Terminology note: the Chandrasekhar limit $M_C \approx 1.4 M_\text{sun}$ is for electron-degenerate matter. The analogous limit for neutron-degenerate matter, $M_\text{TOV} \sim 2.5 M_\text{sun}$, is named for Tolman, Oppenheimer, and Volkoff. We have much less confidence in our estimate for the TOV limit than we do in the Chandrasekhar limit, because we know less about the equation of state for neutron-degenerate matter than we do for electron-degenerate matter.
We are aware of several stable neutron stars with masses $M_C < M_\text{object}$; there’s a partial list in Wikipedia article linked above. But I suspect you were asking about the stability of neutron stars with masses above $M_\text{TOV}$.
There is speculation in the literature about the possible existence of quark stars, in which the nucleon degrees of freedom dissolve and the star is supported by degeneracy pressure among the free quarks. It’s possible in principle that a neutron star which accumulated mass beyond $M_\text{TOV}$ could collapse to a quark star, analogous to the collapse of a white dwarf (or of an electron-degenerate stellar core) to a neutron star. But we know even less about the equation of state for quark matter than we know for neutron matter. I don’t think it’s known for certain that the mass limit for a quark star is any larger than the mass limit for a neutron star. It’s also unknown whether quark stars would consist of up and down quarks, like normal baryonic matter, or whether the phase transition would produce a substantial fraction of strange quarks.
The Wikipedia page lists a number of (unconfirmed) quark star candidates, and describes why confirmation is so difficult. It may well be the case that quark stars don’t exist, and that an overmassive neutron star is definitely doomed to become a black hole.

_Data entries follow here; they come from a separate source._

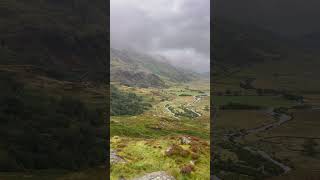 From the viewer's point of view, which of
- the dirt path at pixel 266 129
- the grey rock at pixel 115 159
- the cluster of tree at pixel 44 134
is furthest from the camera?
the dirt path at pixel 266 129

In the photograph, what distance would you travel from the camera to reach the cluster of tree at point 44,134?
190 ft

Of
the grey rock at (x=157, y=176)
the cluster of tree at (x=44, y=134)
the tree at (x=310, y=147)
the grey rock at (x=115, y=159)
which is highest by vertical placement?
the cluster of tree at (x=44, y=134)

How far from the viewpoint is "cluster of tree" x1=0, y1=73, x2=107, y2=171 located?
58031 mm

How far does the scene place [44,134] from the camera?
68188 mm

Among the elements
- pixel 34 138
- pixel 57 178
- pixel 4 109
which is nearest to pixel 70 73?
pixel 4 109

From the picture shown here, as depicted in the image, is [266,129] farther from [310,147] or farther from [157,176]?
[157,176]

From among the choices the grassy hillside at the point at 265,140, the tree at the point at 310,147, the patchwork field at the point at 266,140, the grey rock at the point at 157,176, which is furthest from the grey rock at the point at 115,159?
the tree at the point at 310,147

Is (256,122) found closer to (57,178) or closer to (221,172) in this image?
(221,172)

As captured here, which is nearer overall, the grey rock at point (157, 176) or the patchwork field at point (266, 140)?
the grey rock at point (157, 176)

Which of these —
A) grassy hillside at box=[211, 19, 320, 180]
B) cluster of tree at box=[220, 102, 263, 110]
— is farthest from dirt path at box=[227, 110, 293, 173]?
cluster of tree at box=[220, 102, 263, 110]

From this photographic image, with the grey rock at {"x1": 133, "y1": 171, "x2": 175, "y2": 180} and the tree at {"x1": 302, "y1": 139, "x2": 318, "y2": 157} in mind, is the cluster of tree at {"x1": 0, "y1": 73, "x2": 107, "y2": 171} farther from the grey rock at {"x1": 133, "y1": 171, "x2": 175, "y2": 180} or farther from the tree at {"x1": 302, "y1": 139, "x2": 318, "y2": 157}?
the tree at {"x1": 302, "y1": 139, "x2": 318, "y2": 157}

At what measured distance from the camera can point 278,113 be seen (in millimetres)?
169875

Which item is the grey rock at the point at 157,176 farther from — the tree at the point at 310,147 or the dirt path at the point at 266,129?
the tree at the point at 310,147

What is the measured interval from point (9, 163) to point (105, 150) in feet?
64.8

The neutron-star merger event GW170817 produced an object with final mass $2.74^{+0.04}_{-0.01}M_\text{sun}$. That gravitational-wave event suggested the new object collapsed to a black hole on a timescale of a few seconds (as opposed to milliseconds, or hours). If you’re interested in the nitty-gritty details of black hole formation from “supermassive neutron stars,” that would be a path into the literature.
Best Answer
No (or at least not much). One of the essential properties of stars that are largely supported by degeneracy pressure, is that this pressure is independent of temperature and that is because although a neutron star may be hot, it has such a small heat capacity, it contains very little thermal energy$^{*}$.
When a neutron star forms, it cools extremely rapidly by the emission of neutrinos, on timescales of seconds. During this phase, the neutron star does contract a little bit (tens of per cent), but by the time its interior has cooled to a billion Kelvin, the interior neutrons are degenerate and the contraction is basically halted. It is possible that a (massive) neutron star could make the transition to a black hole before this point.
If it does not do so, then from there, the neutron star continues to cool (but actually possesses very little thermal energy, despite its high temperature), but this makes almost no difference to its radius.
$^{*}$ In a highly degenerate gas the occupation index of quantum states is unity up the Fermi energy and zero beyond this. In this idealised case, the heat capacity would be zero - no kinetic energy can be extracted from the fermions, since there are no free lower energy states. In practice, and at finite temperatures, there are fermions $\sim kT$ above the Fermi energy that can fall into the few free states at $\sim kT$ below the Fermi energy. However, the fraction of fermions able to do so is only $\sim kT/E_F$, where $E_F$ is the kinetic energy of fermions at the Fermi energy. At typical neutron star densities, this fraction is of order $T/10^{12}\ {\rm K}$, so is very small once neutron stars cool (within seconds) below $10^{10}$ K.
What this means is that the heat capacity is extremely small and that whilst the neutrons in a neutron star contain an enormous reservoir of kinetic energy (thus providing a pressure), almost none of this can be extracted as heat.